Pois não é tão difícil, quando se é o centro de tudo, deixar de ouvir o toque suavíssimo do inexorável relógio do tempo? Como sabem bem as homenagens, a lisonja, os alimentos contínuos da vaidade!
O revoltante aqui é a rapidez com que os segundos se transformam em minutos, os minutos em horas, as horas em dias…
Trump, sabe-se, tem a gula enorme da lisonja permanente, do exacto tamanho do seu EU? Donald, não sofras de solidão! Não estás sozinho… ELES, os teus irmãos siameses, são legião…
O poder e a sua perda
Mas o que é ter poder? É ter a capacidade de, pela própria voz, se comandar o destino dos outros. Suscitando o medo em milhares, se a voz de comando alcança multidões. É suscitar o receio de poder tornar ainda mais vulneráveis as vidas pequeninas, feitas de sonhos pequenos ou grandes, mas que a voz de igual modo condiciona… a carreira, o emprego, o pão dos filhos, a bolsa de estudos, a viagem ao estrangeiro, a promoção…
E, de modo mais essencial e decisivo, a vida ou a morte. Nos minutos que antecederam os ataques aéreos americanos a Bagdade, nesses primeiríssimos momentos do que viria a ser a invasão americana do Iraque, para destronar Saddam Hussein e puni-lo assim pelas armas nucleares – que afinal não tinha!… – nesses momentos antecedendo a grande tragédia, eu pensei, de modo quase infantil: – E se isto não acontecesse? Quem vai morrer ainda não morreu… imerso que está na normalidade do quotidiano… Se isto não acontecesse?

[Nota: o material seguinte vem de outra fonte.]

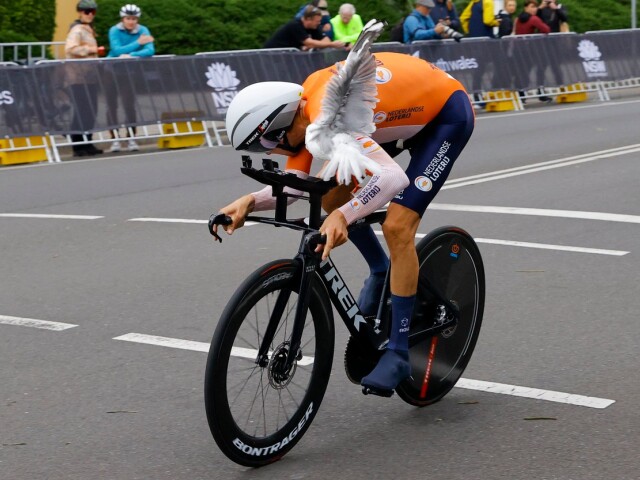 mollema čajka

MAS ACONTECEU. Destruiu-se um país. Abriu-se a caixa de Pandora dos extremismos mais mortíferos e odiosos. Milhares morreram, ficaram órfãos, ou incapacitados para sempre – e o cortejo de desgraças não pára aqui.
Como são vividos, pelo próprio “poderoso”, e depois pelos conselheiros e pelos prosélitos, os defeitos de avaliação e suas consequências, quando a decisão política se vem a revelar pura e simplesmente ERRADA?

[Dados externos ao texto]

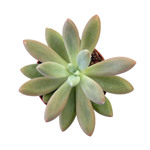Graptopetalum amethystinum x tolimanensis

Isto na pressuposição de que erros existem, pois ninguém se auto-recrimina. Ninguém ou pouquíssimos dizem “mea culpa” e batem com a mão no peito. E se o mérito da (má) decisão não é reconhecido e muito menos louvado, é por má fé dos adversários!
Deve haver por isso, da parte de quem erra, uma carapaça tal de resignação ou de indiferença, ambas filosóficas aliás e portanto “respeitáveis”(?). É isso que torna possível ao poder sobreviver com boa consciência?…
E repare-se como a própria pessoa, já sem poder efectivo se reveste, todavia, de uma certa aura de santidade cívica que funciona como muralha invisível contra os “comuns” que são todos os outros.
O poderoso já sem poder real está salvo, ou melhor, está safo! Atingiu o patamar dos intocáveis que só a História julgará…
Por isso, deixar o poder é continuar a ter poder. Junto de quem lhe atribui capacidade de influência, ainda socialmente útil, ou uma lucidez superior, não demonstrada aliás, normalmente, nas decisões inscritas no seu próprio tempo.
A eternidade possível
Ficar para a História… que é um juiz sonolento. Que acorda sempre tarde. E que só julga pela noite adentro, quando a generalidade dos contemporâneos, dormindo o sono dos justos, já rendeu a alma ao Criador, em sentido próprio ou figurado.
François Mitterrand decidia para a História. Pensava-se adiantado em relação ao seu próprio tempo. Mas, numa negação curiosa de tal progressismo, lia avidamente biografias de Luís XIV e doutros mestres da grandeza monárquica, tentando imitar, do inimigo Charles De Gaulle, a figura ambígua do Presidente-Rei, por ele tão bem encarnada.
Era a grandeza francesa. A grandeza do General. E portanto a de François, o socialista da ruptura republicana mas afinal… o sucessor monárquico na continuidade!
As sereias do PODER são como aves canoras. E cantam fortíssimo!
******
O outro lado da História? A pessoa cujo falecimento recente motivou esta crónica, dizia tranquilamente, antes de fechar os olhos para sempre, que não receava a morte, porque um Deus bom a acolheria.
Mistérios pois desse diálogo único entre cada um de nós e o absoluto.
Quem tem o direito de julgar antecipadamente? Quem?